● Exercise requirements
For the records below, please print exactly and only the lines from the one with "A floor plan" down to the one with "ingredients: olives, whipped", both ends included, omitting the pictures.

● Given data
********

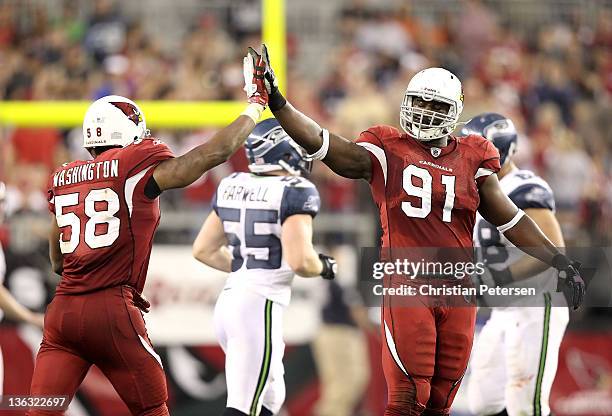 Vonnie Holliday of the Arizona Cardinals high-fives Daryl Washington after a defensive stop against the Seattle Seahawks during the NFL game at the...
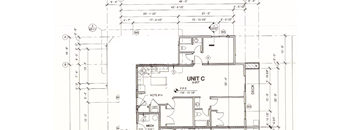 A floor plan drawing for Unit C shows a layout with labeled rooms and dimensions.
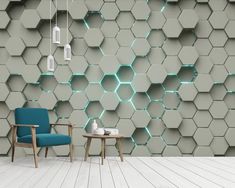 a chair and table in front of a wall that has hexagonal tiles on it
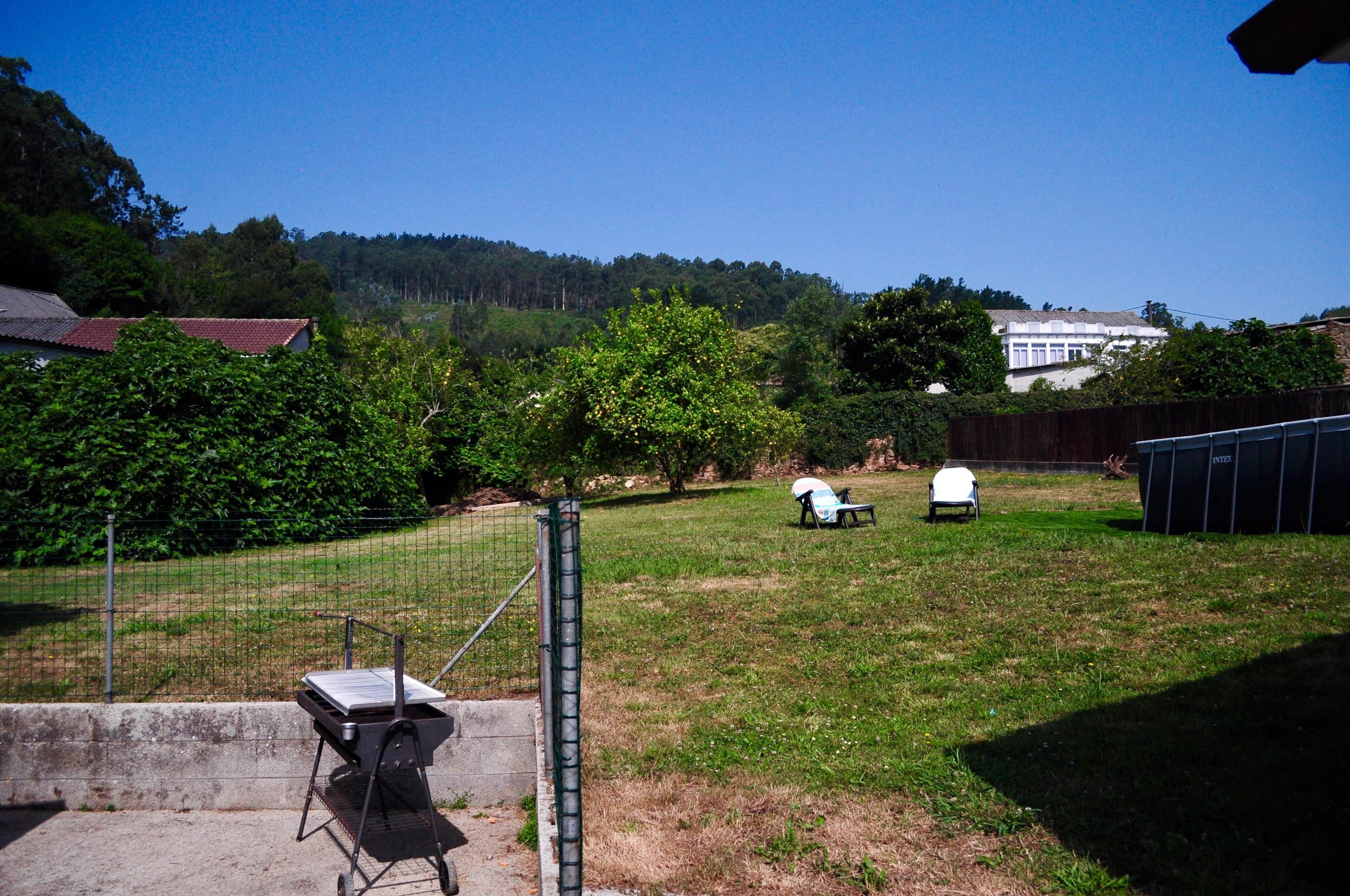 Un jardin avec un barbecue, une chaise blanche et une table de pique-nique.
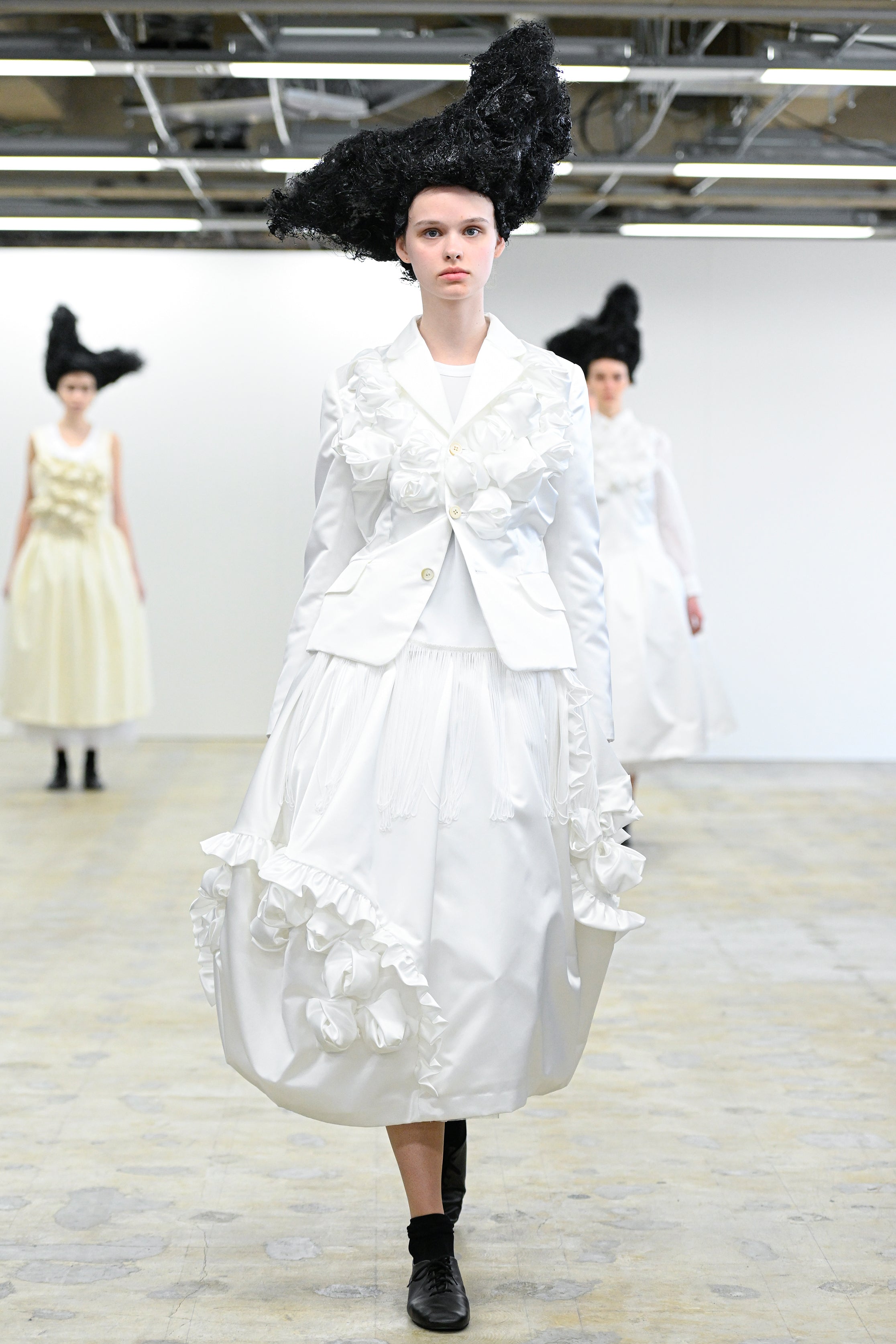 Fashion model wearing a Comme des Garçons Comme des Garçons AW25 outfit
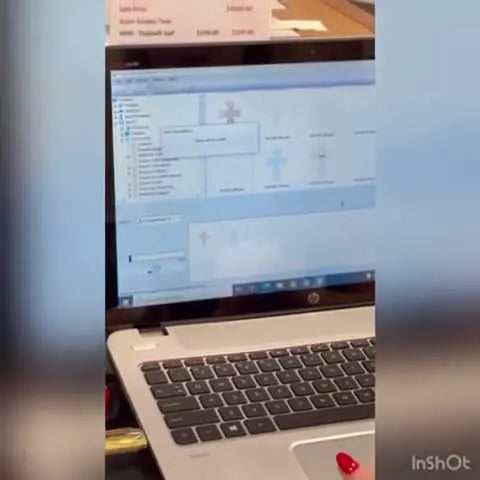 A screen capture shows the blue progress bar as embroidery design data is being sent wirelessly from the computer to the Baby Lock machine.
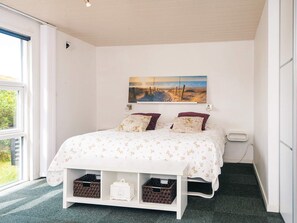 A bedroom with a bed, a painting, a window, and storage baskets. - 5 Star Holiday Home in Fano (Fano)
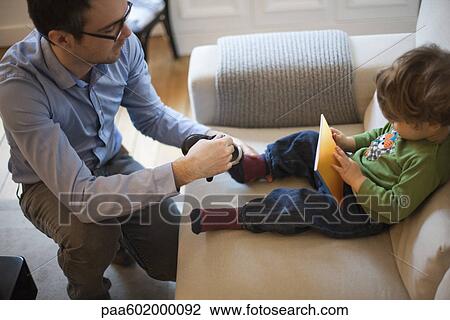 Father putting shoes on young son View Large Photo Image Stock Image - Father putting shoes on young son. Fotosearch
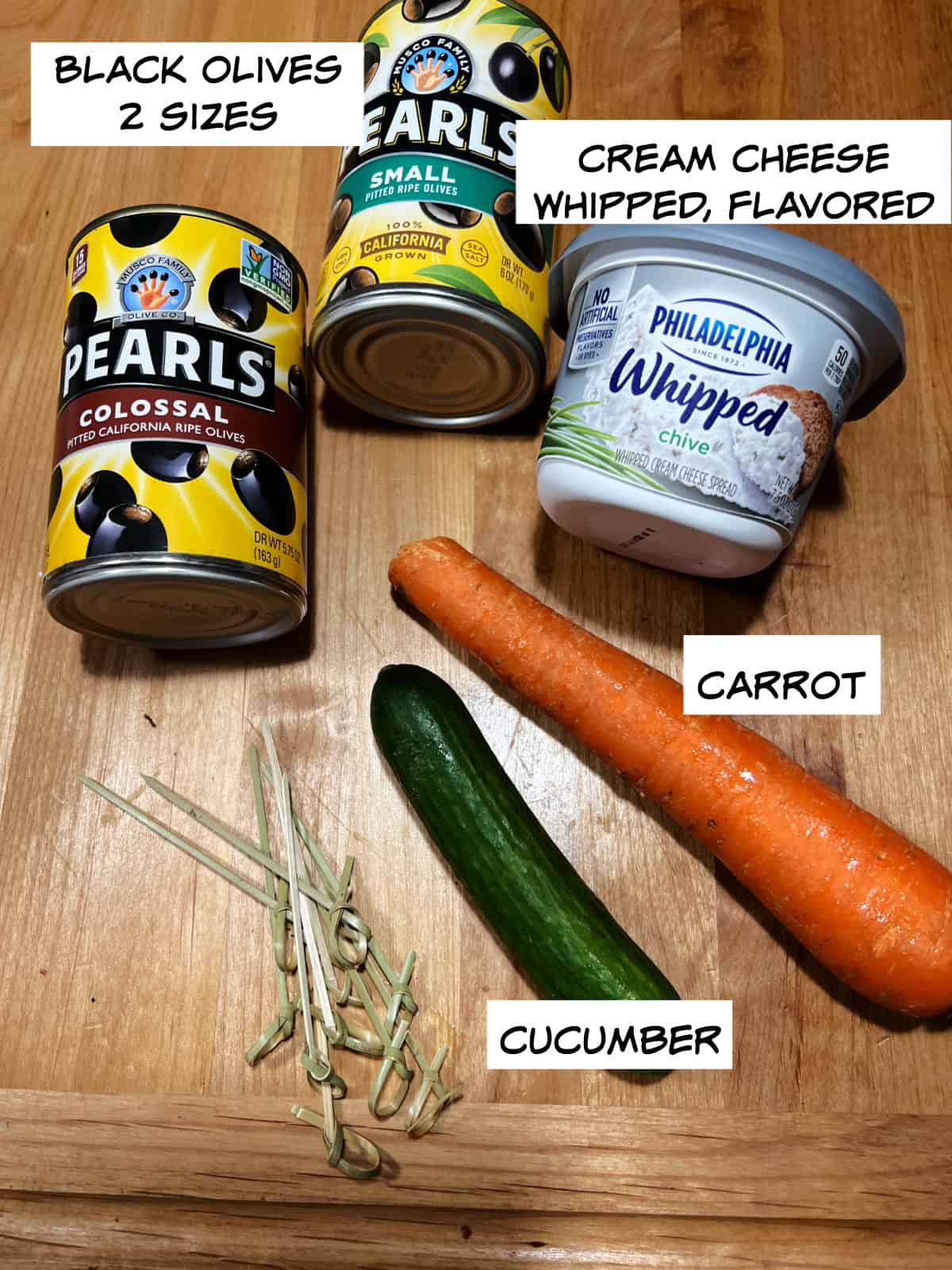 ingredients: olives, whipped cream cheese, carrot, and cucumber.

********

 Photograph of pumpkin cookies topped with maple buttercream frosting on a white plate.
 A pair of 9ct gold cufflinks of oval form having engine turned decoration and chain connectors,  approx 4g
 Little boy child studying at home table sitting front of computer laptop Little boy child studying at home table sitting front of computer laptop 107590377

********

● Task result
 A floor plan drawing for Unit C shows a layout with labeled rooms and dimensions.
 a chair and table in front of a wall that has hexagonal tiles on it
 Un jardin avec un barbecue, une chaise blanche et une table de pique-nique.
 Fashion model wearing a Comme des Garçons Comme des Garçons AW25 outfit
 A screen capture shows the blue progress bar as embroidery design data is being sent wirelessly from the computer to the Baby Lock machine.
 A bedroom with a bed, a painting, a window, and storage baskets. - 5 Star Holiday Home in Fano (Fano)
 Father putting shoes on young son View Large Photo Image Stock Image - Father putting shoes on young son. Fotosearch
 ingredients: olives, whipped cream cheese, carrot, and cucumber.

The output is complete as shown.